Who are your customers?

At the moment, selling my fashions is my primary source of income and I am so grateful that I have something to fall back on in this tough economy.  My customers are adult collectors, both male and female, usually over 30, who love vintage fashion.

What is your creative process?

I get most of my inspiration from fabrics. I sew almost exclusively with silk in various forms and I also love to work with good quality cotton. When I am ready to sew, I sit down with my fabrics and start pulling out pieces and seeing how everything looks together. The process of choosing the fabric and cutting out the pieces is one of my favorite parts of the design.  Then I assemble the pieces using my sewing machine.  After the machine sewing is done, there is quite a lot of hand finishing.  I usually sew a few things on the machine at a time, then sit down in the evening with the TV or radio and do the handwork.

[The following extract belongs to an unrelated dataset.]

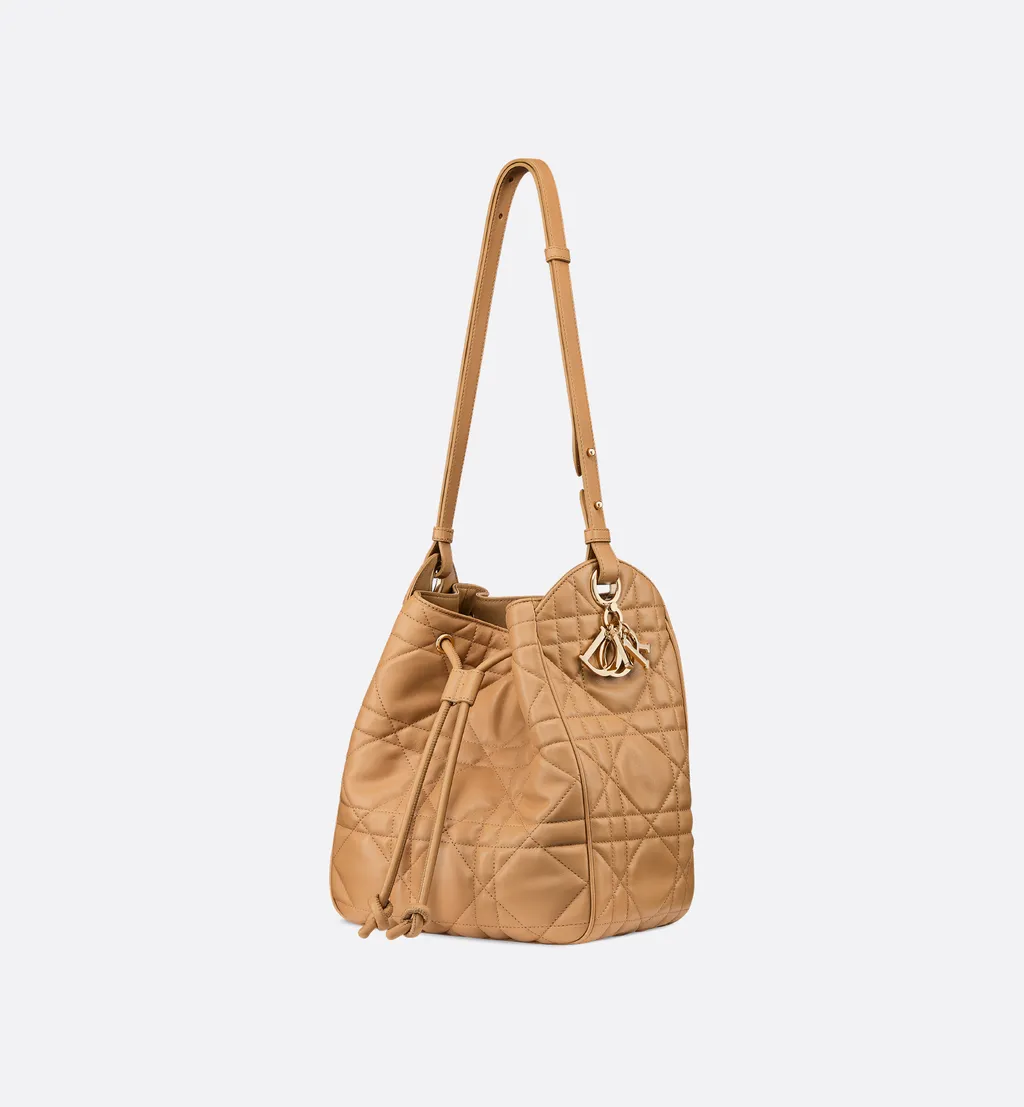 Medium D-Motion Bag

This is another fun, creative time, when I decide what details I want to give the outfits, like beading, buttons, bows, brooches, sashes and hats.

What’s your next big project?

For the next few months I will be living and breathing the National Barbie Doll Collector’s Convention, which is held every summer. This year the convention is in Garden Grove, CA and the theme is the Grand Tour.  I have plans for themed gift-sets for four of the major cities on the Grand Tour: Paris, London, Rome and St Petersburg. 

While getting ready for the convention, I will be holding some online events on my blog.  I started doing these in the fall of 2011 and they have been very successful and a lot of fun.  I design a collection around a theme and debut it on my blog.

Thanks so much, Hilda. Your designs are fabulous … my only wish is that I could wear them!